The Big Short

THE BIG SHORT
"I'm sorry, but yours is definitely more ridiculous than mine."

One of the frustrating things about the 2008 financial collapse is that many Americans, even smart ones like me, didn’t really understand what had caused it. The banks had given too many mortgages to people who couldn’t afford them, sure, leading to a high rate of default and foreclosure. But there was also a lot of outrage directed at the guys on Wall Street, who had done something that those outraged believed was immoral, illegal, or both. That’s where it all got fuzzy for a lot of us.

“The Big Short” makes a valiant effort to explain it to the average person, to help us understand what happened and why we should be infuriated. Like the best teachers, the film is entertaining besides being educational, and it takes great pains to make sure we’re keeping up. Some movies over-explain themselves, trying our patience by talking to us like we’re idiots. “The Big Short” shrewdly realizes that when it comes to the intricacies of credit and finance, most of us ARE idiots, and we have secretly wished that someone would explain it to us like we’re 10 years old.

I’ll leave most of the explaining to the film, but the gist is that in the mid-2000s, a handful of money dudes realized there was a housing bubble fixin’ to burst and set out to increase their fortunes by essentially purchasing insurance against housing bubble bursts. Since a collapse of the magnitude they were predicting had never happened before, banks like Goldman Sachs were more than happy to sell them expensive policies, figuring they’d never have to pay out.

In this account, which uses fictionalized versions of real people, we start with rich weirdo Michael Burry (Christian Bale), an obsessive hedge-fund manager with amusing Asperger-y tendencies and a nose for spreadsheets. He’s the one who combs through the data and discovers that thousands upon thousands of mortgages were given to unqualified borrowers, making them very likely to go into default.

Jared Vennett (Ryan Gosling, with dark hair and an unnaturally tan face) is a smaller-scale version of Burry, a fund manager with less money at his disposal but the same drive and commitment. He gets into business with Mark Baum (Steve Carell), an awful Wall Street a-hole who hates Wall Street and runs his investment firm like he’s an outsider (even though he isn’t). Then there are two eager young nobodies, Charlie Geller (John Magaro) and Jamie Shipley (Finn Whitrock), who come to Wall Street with dollar signs in their eyes, stumble upon this situation, and reach out to an old mentor for advice. The mentor, Ben Rickert (Brad Pitt), has left Wall Street and practically gone off the grid, but he still has contacts.

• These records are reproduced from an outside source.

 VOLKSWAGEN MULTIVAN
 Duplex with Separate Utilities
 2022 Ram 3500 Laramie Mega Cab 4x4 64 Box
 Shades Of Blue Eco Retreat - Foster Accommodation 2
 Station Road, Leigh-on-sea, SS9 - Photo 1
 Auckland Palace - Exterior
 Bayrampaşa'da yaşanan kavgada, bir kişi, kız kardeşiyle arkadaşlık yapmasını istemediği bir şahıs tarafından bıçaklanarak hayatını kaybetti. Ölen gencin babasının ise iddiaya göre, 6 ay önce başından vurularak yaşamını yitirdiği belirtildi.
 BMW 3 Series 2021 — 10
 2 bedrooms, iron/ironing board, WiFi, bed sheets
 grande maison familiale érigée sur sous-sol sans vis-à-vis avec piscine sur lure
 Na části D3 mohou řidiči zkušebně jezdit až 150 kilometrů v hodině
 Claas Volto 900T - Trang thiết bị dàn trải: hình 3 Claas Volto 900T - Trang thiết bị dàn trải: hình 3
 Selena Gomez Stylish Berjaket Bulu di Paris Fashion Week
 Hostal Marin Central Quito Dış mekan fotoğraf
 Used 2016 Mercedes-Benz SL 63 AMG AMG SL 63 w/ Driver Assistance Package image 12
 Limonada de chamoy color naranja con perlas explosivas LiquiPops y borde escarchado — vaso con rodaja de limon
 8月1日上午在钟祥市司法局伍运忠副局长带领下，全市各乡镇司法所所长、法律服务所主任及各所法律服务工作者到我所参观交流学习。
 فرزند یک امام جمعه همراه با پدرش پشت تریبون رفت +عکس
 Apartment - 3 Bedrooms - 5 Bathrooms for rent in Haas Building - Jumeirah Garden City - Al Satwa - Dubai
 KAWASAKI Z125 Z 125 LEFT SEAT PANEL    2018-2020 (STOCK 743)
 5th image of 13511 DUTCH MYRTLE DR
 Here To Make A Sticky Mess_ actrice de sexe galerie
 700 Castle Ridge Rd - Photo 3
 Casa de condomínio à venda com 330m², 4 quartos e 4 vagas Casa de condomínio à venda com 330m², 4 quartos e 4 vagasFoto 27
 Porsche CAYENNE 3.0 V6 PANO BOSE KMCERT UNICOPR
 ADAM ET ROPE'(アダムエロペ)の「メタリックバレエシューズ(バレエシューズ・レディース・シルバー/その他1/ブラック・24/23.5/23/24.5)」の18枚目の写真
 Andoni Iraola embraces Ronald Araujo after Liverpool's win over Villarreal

The film was directed and co-written by Adam McKay, whose other movies — “Anchorman,” “Talladega Nights,” “Step Brothers,” “The Other Guys,” and “Anchorman 2” — all starred Will Ferrell. He may seem like an odd choice for this, until you recall the end credits of “The Other Guys,” which went into baffling detail about the collapse of the housing market and showed how intensely interested McKay was.

He handles this, his first non-farce, with confidence. Co-writing with Charles Randolph (“The Life of David Gale”), McKay seems as comfortable making a slick, fact-based comedy as he did making the loosey-goosey Ferrell movies. He uses every trick in the book to maintain a dizzying pace without overwhelming us, like a terrifically engaging college professor with a savage sense of humor.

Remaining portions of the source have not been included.